Good System Design: Practical Principles Every Engineer Should Know

8/19/20252 min read

a room with purple lights
a room with purple lights

System design advice is everywhere—and a lot of it is bad. You’ve probably seen the “queues will change your life” style posts or the Twitter-bait hot takes like “never store booleans in a database.” Even well-intentioned advice, like lessons from Designing Data-Intensive Applications, often doesn’t match the day-to-day challenges most engineers face.

So what does good system design actually look like? Let’s break it down.

What Is System Design?

If software design is about how you structure code (variables, functions, classes), system design is about how you structure services: app servers, databases, caches, queues, proxies, event buses. It’s the architecture that makes your code scale, stay reliable, and not wake you up at 3 AM.

The Hallmark of Good Design

Good design usually feels… boring. If nothing breaks, everything feels easier than expected, and parts of the system disappear into the background—that’s success.
On the flip side, flashy systems packed with distributed consensus, fancy event-driven pipelines, and clever tricks are often a red flag. Complexity should evolve naturally from a simple system that works—not be the starting point.

State vs. Stateless

State is the hardest part of system design. Stateless services (like a PDF-to-HTML API) are easy to restart, repair, and scale. Stateful services (like databases) are trickier—they can get corrupted, run out of space, or fail in ways automation can’t fix.

Rule of thumb: keep as much logic stateless as possible, and funnel all writes through a single service that “owns” the database.

Databases: The Core of State

Since most state lives in the database, schema design and indexing are crucial:

  • Schema: Keep it human-readable and not overly flexible. JSON blobs everywhere = slow, messy queries.

  • Indexes: Match them to common queries. Too few = slow reads. Too many = slow writes.

  • Bottlenecks: Always JOIN when possible. Avoid making hundreds of ORM queries in loops.

And remember—replicas are your friend. Push reads to replicas, writes to primaries. Watch out for query spikes, especially transactions.

Background Jobs & Caching

Not all operations can be instant. Heavy work (like processing a big PDF) belongs in background jobs—queue it, process it later, and keep your APIs responsive.

Caching is another tool, but don’t overdo it. A cache is just more state, and stale or inconsistent caches cause nasty bugs. Always try to optimize the underlying query first before reaching for Redis or Memcached.
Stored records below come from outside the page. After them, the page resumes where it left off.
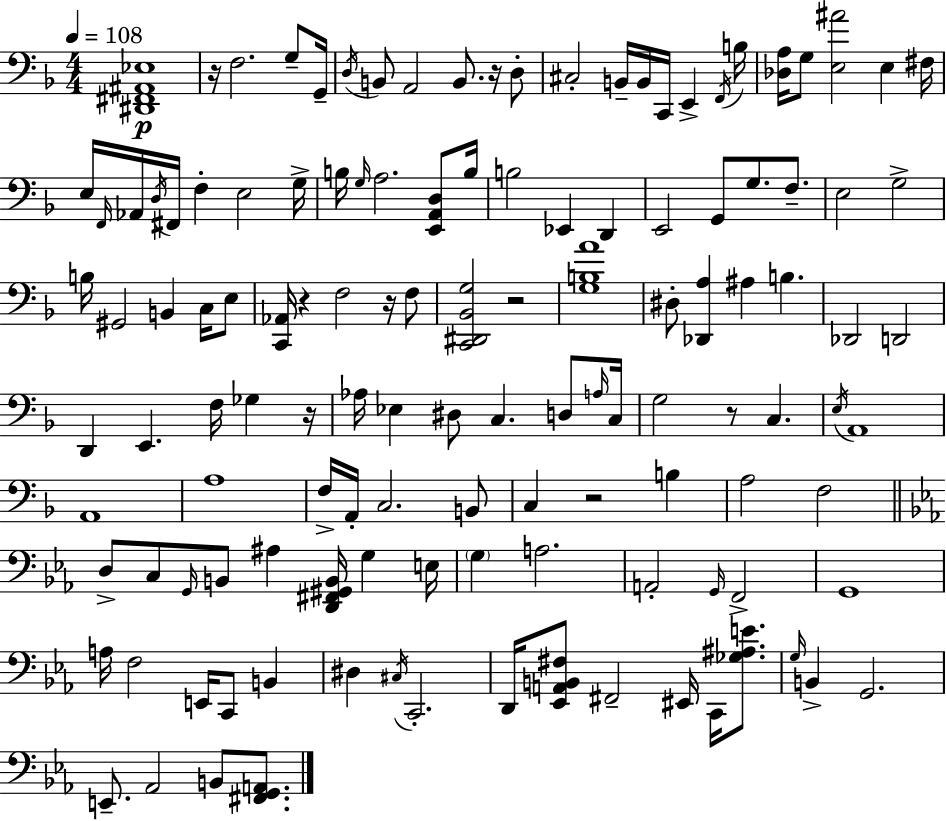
{
  \clef bass
  \numericTimeSignature
  \time 4/4
  \key f \major
  \tempo 4 = 108
  <dis, fis, ais, ees>1\p | r16 f2. g8-- g,16-- | \acciaccatura { d16 } b,8 a,2 b,8. r16 d8-. | cis2-. b,16-- b,16 c,16 e,4-> | \break \acciaccatura { f,16 } b16 <des a>16 g8 <e ais'>2 e4 | fis16 e16 \grace { f,16 } aes,16 \acciaccatura { d16 } fis,16 f4-. e2 | g16-> b16 \grace { g16 } a2. | <e, a, d>8 b16 b2 ees,4 | \break d,4 e,2 g,8 g8. | f8.-- e2 g2-> | b16 gis,2 b,4 | c16 e8 <c, aes,>16 r4 f2 | \break r16 f8 <c, dis, bes, g>2 r2 | <g b a'>1 | dis8-. <des, a>4 ais4 b4. | des,2 d,2 | \break d,4 e,4. f16 | ges4 r16 aes16 ees4 dis8 c4. | d8 \grace { a16 } c16 g2 r8 | c4. \acciaccatura { e16 } a,1 | \break a,1 | a1 | f16-> a,16-. c2. | b,8 c4 r2 | \break b4 a2 f2 | \bar "||" \break \key ees \major d8-> c8 \grace { g,16 } b,8 ais4 <d, fis, gis, b,>16 g4 | e16 \parenthesize g4 a2. | a,2-. \grace { g,16 } f,2-> | g,1 | \break a16 f2 e,16 c,8 b,4 | dis4 \acciaccatura { cis16 } c,2.-. | d,16 <ees, a, b, fis>8 fis,2-- eis,16 c,16 | <ges ais e'>8. \grace { g16 } b,4-> g,2. | \break e,8.-- aes,2 b,8 | <fis, g, a,>8. \bar "|."
}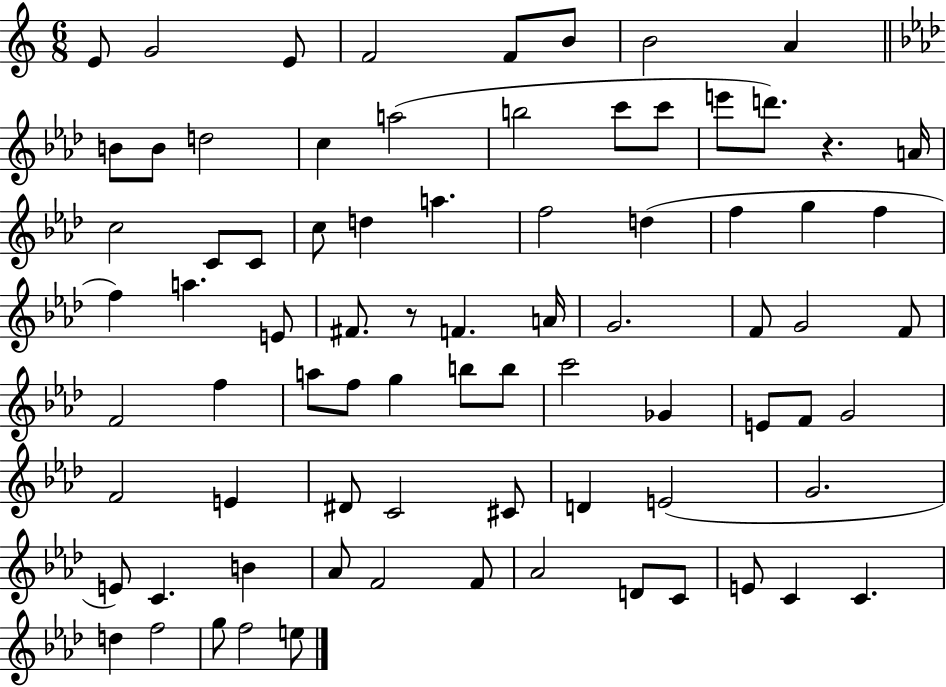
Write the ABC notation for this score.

X:1
T:Untitled
M:6/8
L:1/4
K:C
E/2 G2 E/2 F2 F/2 B/2 B2 A B/2 B/2 d2 c a2 b2 c'/2 c'/2 e'/2 d'/2 z A/4 c2 C/2 C/2 c/2 d a f2 d f g f f a E/2 ^F/2 z/2 F A/4 G2 F/2 G2 F/2 F2 f a/2 f/2 g b/2 b/2 c'2 _G E/2 F/2 G2 F2 E ^D/2 C2 ^C/2 D E2 G2 E/2 C B _A/2 F2 F/2 _A2 D/2 C/2 E/2 C C d f2 g/2 f2 e/2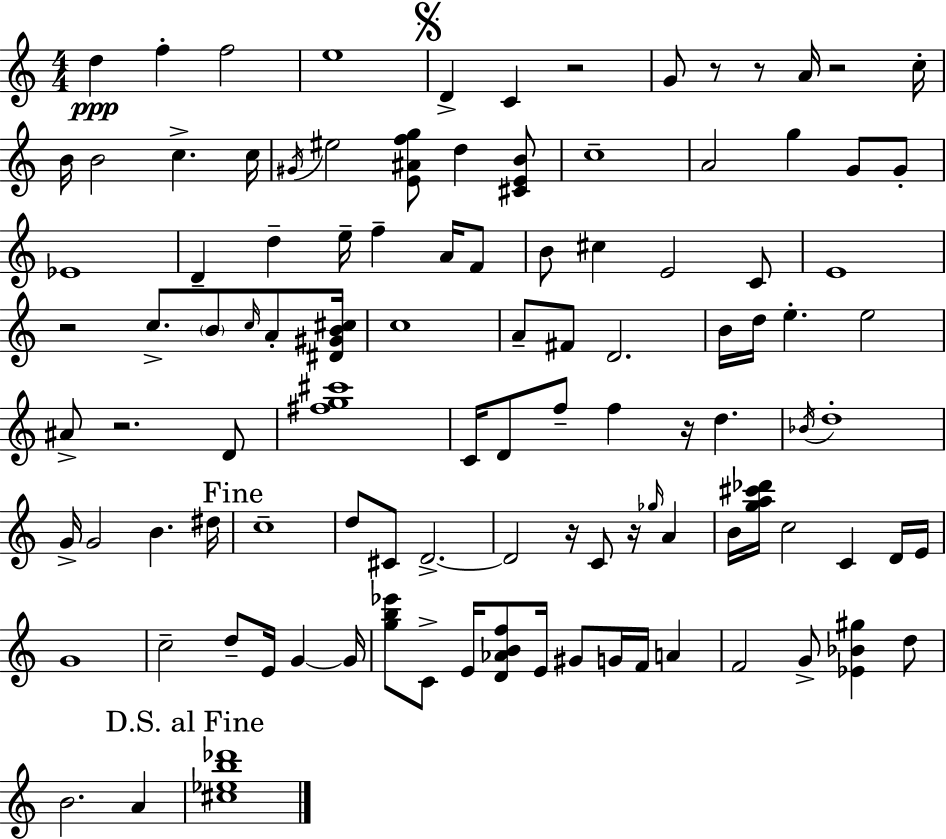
X:1
T:Untitled
M:4/4
L:1/4
K:C
d f f2 e4 D C z2 G/2 z/2 z/2 A/4 z2 c/4 B/4 B2 c c/4 ^G/4 ^e2 [E^Afg]/2 d [^CEB]/2 c4 A2 g G/2 G/2 _E4 D d e/4 f A/4 F/2 B/2 ^c E2 C/2 E4 z2 c/2 B/2 c/4 A/2 [^D^GB^c]/4 c4 A/2 ^F/2 D2 B/4 d/4 e e2 ^A/2 z2 D/2 [^fg^c']4 C/4 D/2 f/2 f z/4 d _B/4 d4 G/4 G2 B ^d/4 c4 d/2 ^C/2 D2 D2 z/4 C/2 z/4 _g/4 A B/4 [ga^c'_d']/4 c2 C D/4 E/4 G4 c2 d/2 E/4 G G/4 [gb_e']/2 C/2 E/4 [D_ABf]/2 E/4 ^G/2 G/4 F/4 A F2 G/2 [_E_B^g] d/2 B2 A [^c_eb_d']4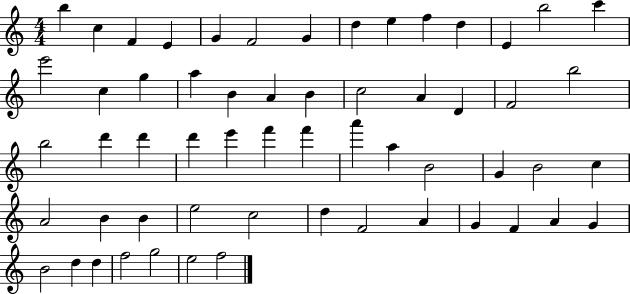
X:1
T:Untitled
M:4/4
L:1/4
K:C
b c F E G F2 G d e f d E b2 c' e'2 c g a B A B c2 A D F2 b2 b2 d' d' d' e' f' f' a' a B2 G B2 c A2 B B e2 c2 d F2 A G F A G B2 d d f2 g2 e2 f2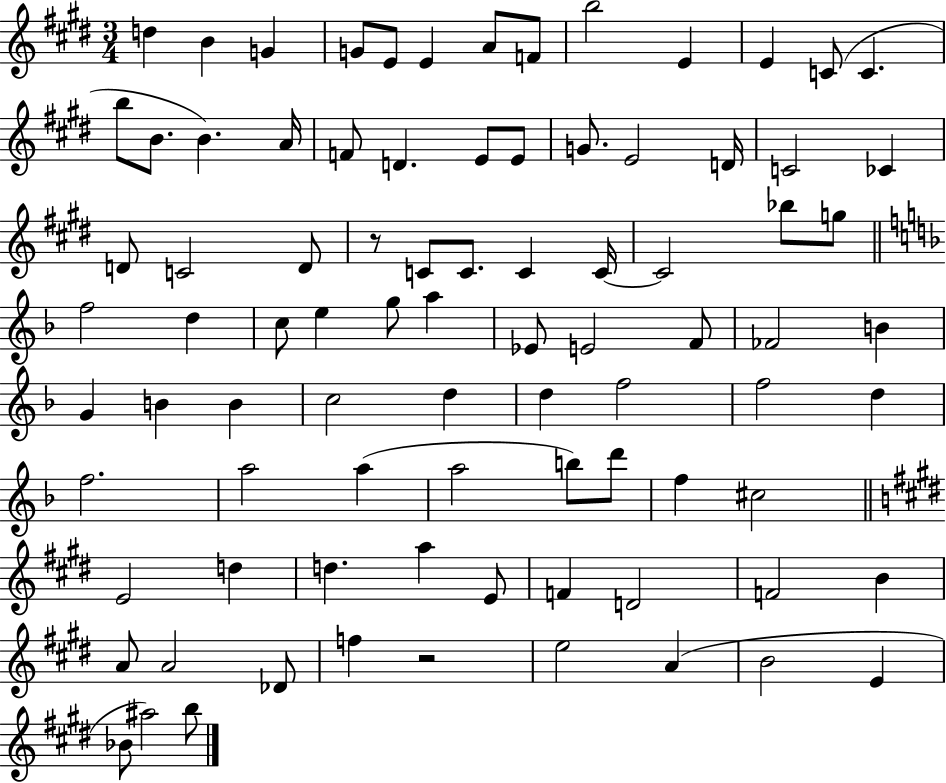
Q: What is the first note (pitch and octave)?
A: D5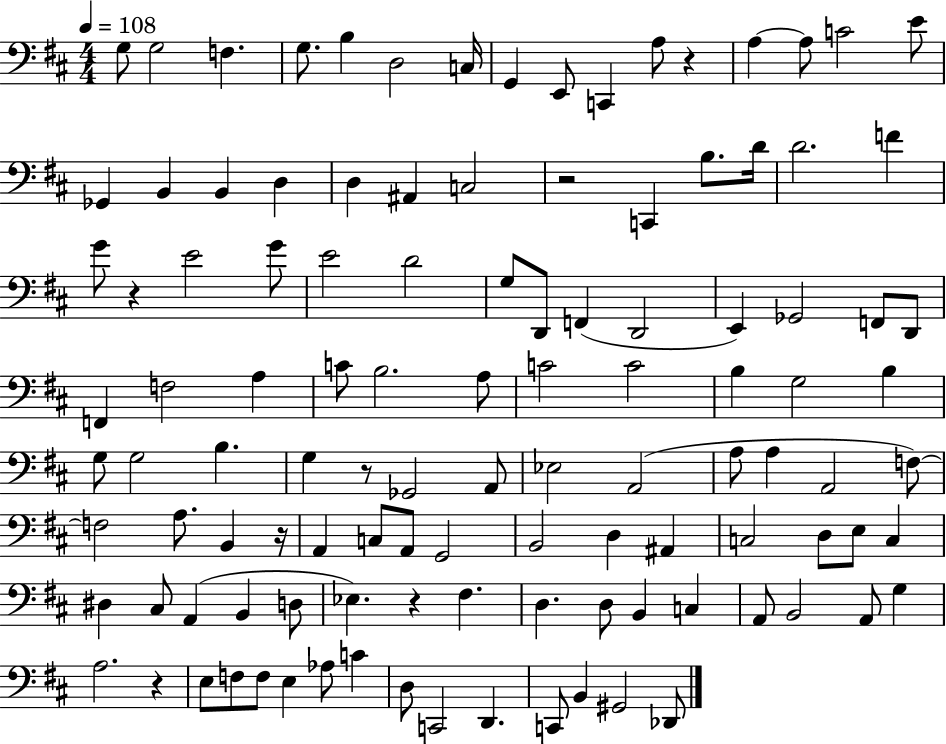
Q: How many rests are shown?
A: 7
Events, Push vs. Pull, and Hot Paths

  • Events: Use them when the sender doesn’t care about the response (e.g., “new account created” → send email, scan for fraud). Otherwise, stick to direct API calls for clarity.

  • Push vs. Pull: Push when you need real-time updates (like Gmail). Pull when simplicity is more important.

  • Hot Paths: Focus optimization on the few critical flows that handle most of the traffic—these are the parts that can take your whole system down if mishandled.

Observability & Failure Planning

A reliable system isn’t just about uptime—it’s about visibility.

  • Log everything important (especially unhappy paths).

  • Track metrics like CPU, memory, queue sizes, and p95/p99 latencies.

  • Fail gracefully: Use circuit breakers, retries with idempotency keys, and decide carefully when to fail open (e.g., rate limits) vs. fail closed (e.g., authentication).

Final Thoughts

Good system design isn’t about chasing the newest framework or brag-worthy architecture diagram. It’s about using boring, proven tools—databases, queues, caches—correctly and sparingly. If your system feels almost invisible, congratulations: you probably did it right.

Or, to put it bluntly: great system design looks unremarkable because it just works.